Data provided:
────────────────────────────────────────

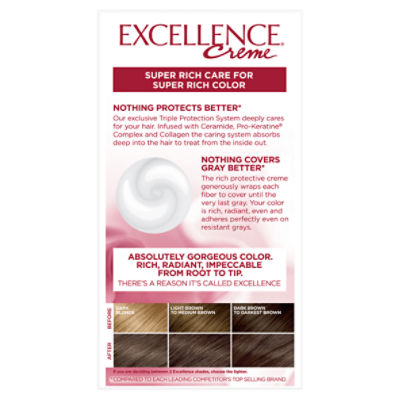 L'Oreal Paris Excellence Creme Permanent Triple Care Hair Color, 5AB Mocha  Ashe Brown, Gray Coverage For Up to 8 Weeks, All Hair Types, Pack of 1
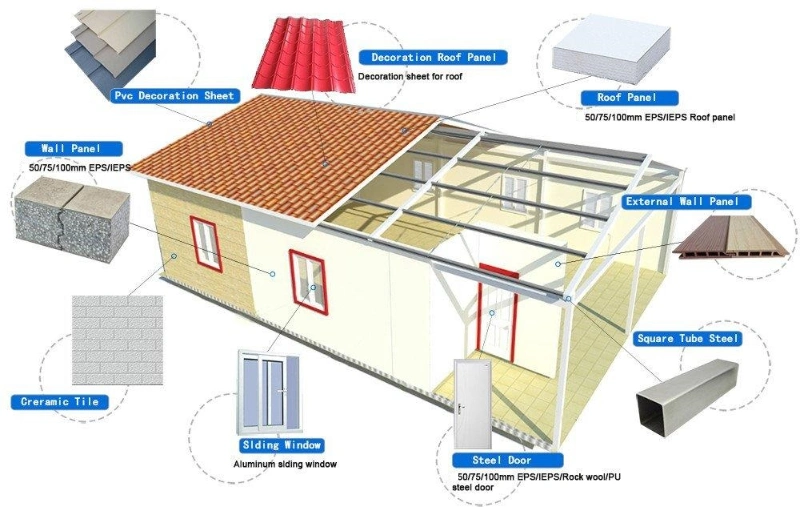 Demountable Prefabricated House Steel Structure Portable Dongas Movable Cabin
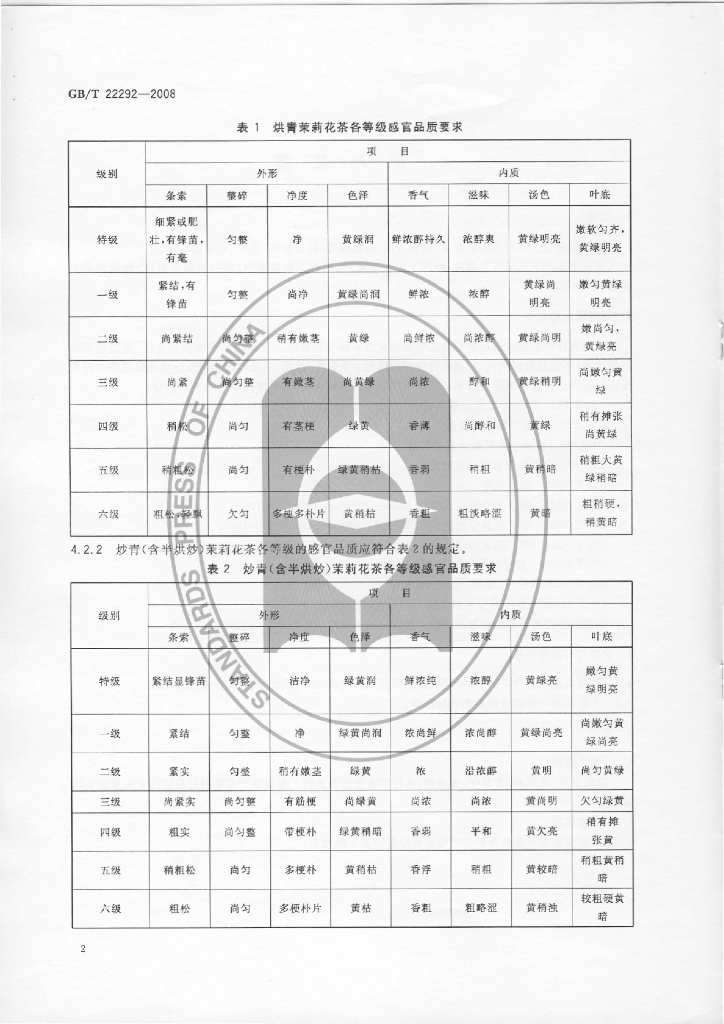 GB/T 22292-2008 标准预览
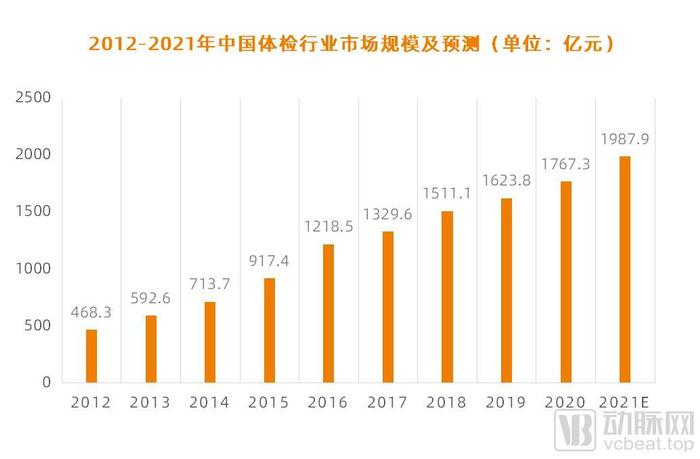 健康体检行业发展趋势深度探讨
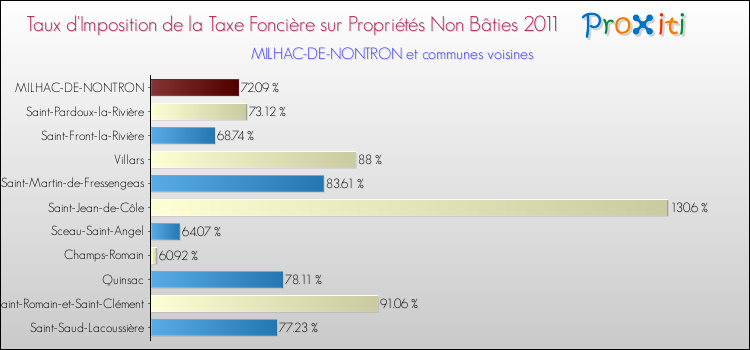 Taux d'imposition de la taxe foncière sur les immeubles et terrains non batis 2011 pour MILHAC-DE-NONTRON et les communes proches Comparaison des taux d'imposition de la taxe foncière sur les immeubles et terrains non batis 2011 pour MILHAC-DE-NONTRON et les communes voisines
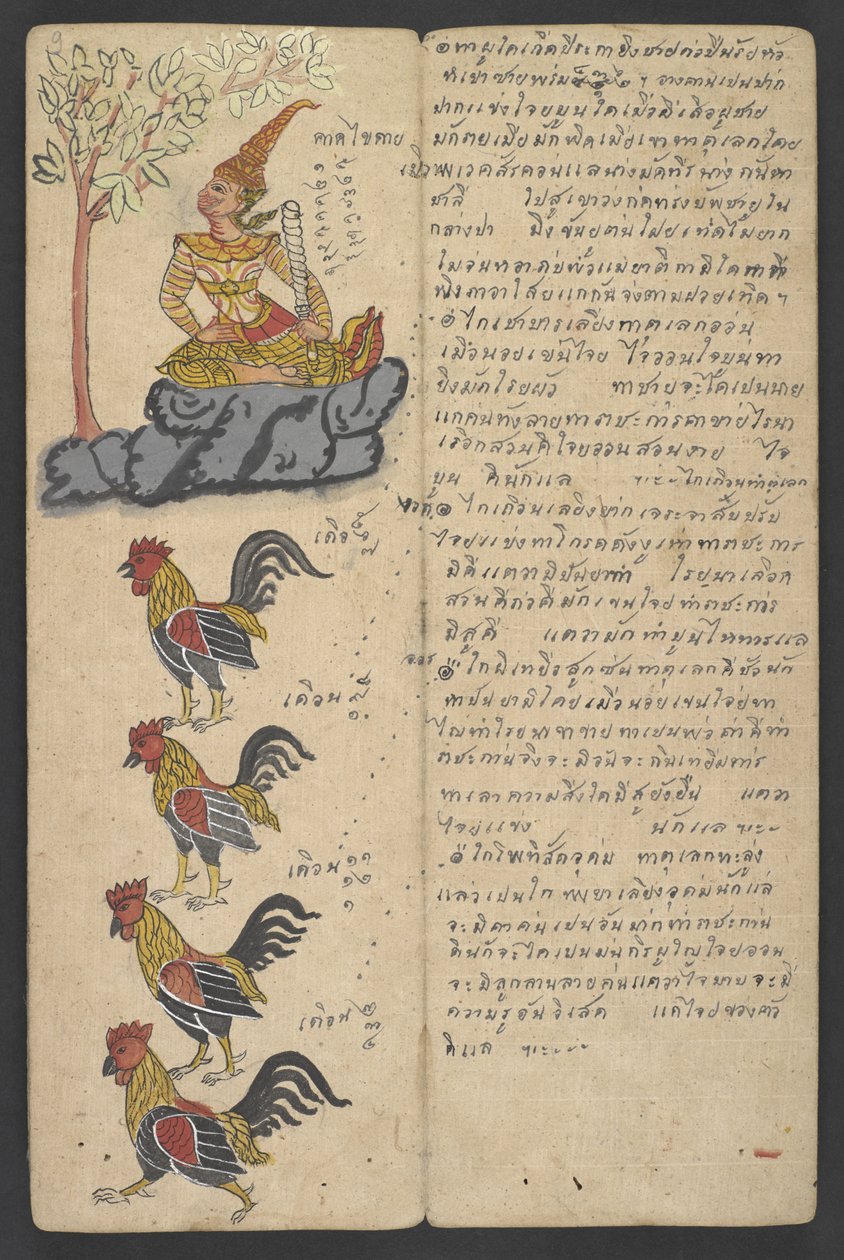 Eller 16455 f.9r, Dyr fra Zodiac, fra Phrommachat (pergament) af Thai School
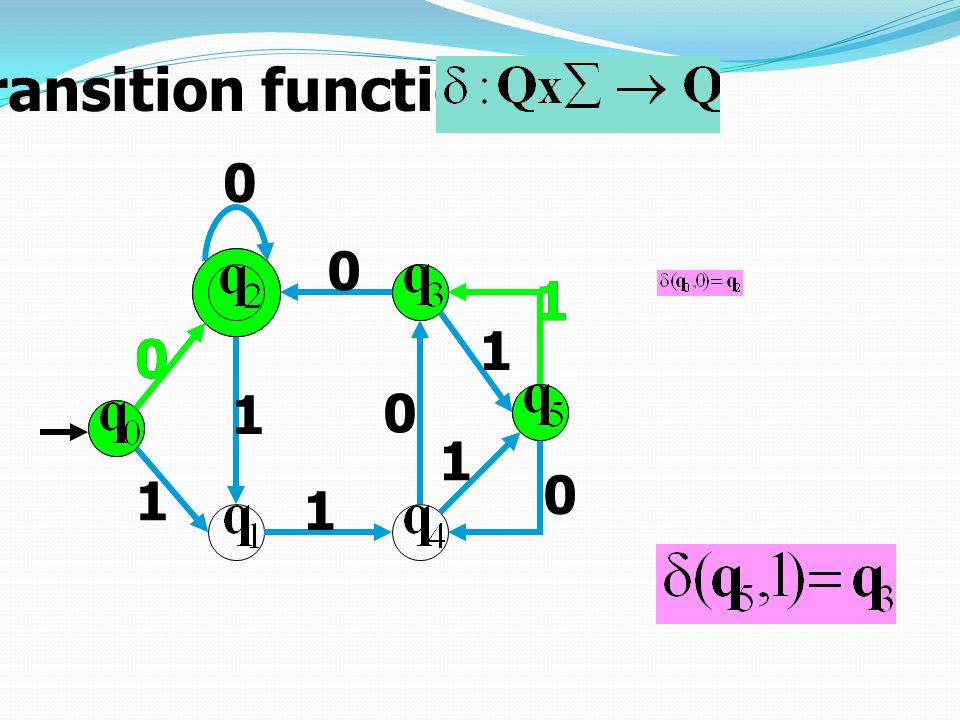 Transition functions
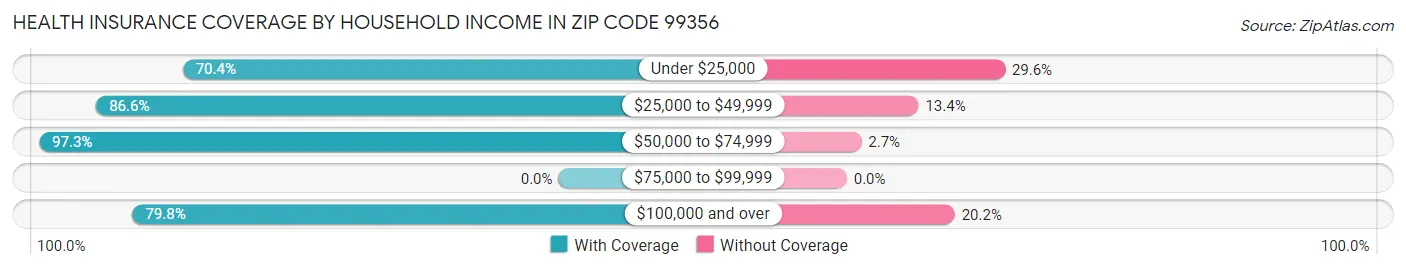 Health Insurance Coverage by Household Income in Zip Code 99356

────────────────────────────────────────

Task to carry out: The records above are to be retyped exactly, with every picture left out.

Answer to this task:
 L'Oreal Paris Excellence Creme Permanent Triple Care Hair Color, 5AB Mocha  Ashe Brown, Gray Coverage For Up to 8 Weeks, All Hair Types, Pack of 1
 Demountable Prefabricated House Steel Structure Portable Dongas Movable Cabin
 GB/T 22292-2008 标准预览
 健康体检行业发展趋势深度探讨
 Taux d'imposition de la taxe foncière sur les immeubles et terrains non batis 2011 pour MILHAC-DE-NONTRON et les communes proches Comparaison des taux d'imposition de la taxe foncière sur les immeubles et terrains non batis 2011 pour MILHAC-DE-NONTRON et les communes voisines
 Eller 16455 f.9r, Dyr fra Zodiac, fra Phrommachat (pergament) af Thai School
 Transition functions
 Health Insurance Coverage by Household Income in Zip Code 99356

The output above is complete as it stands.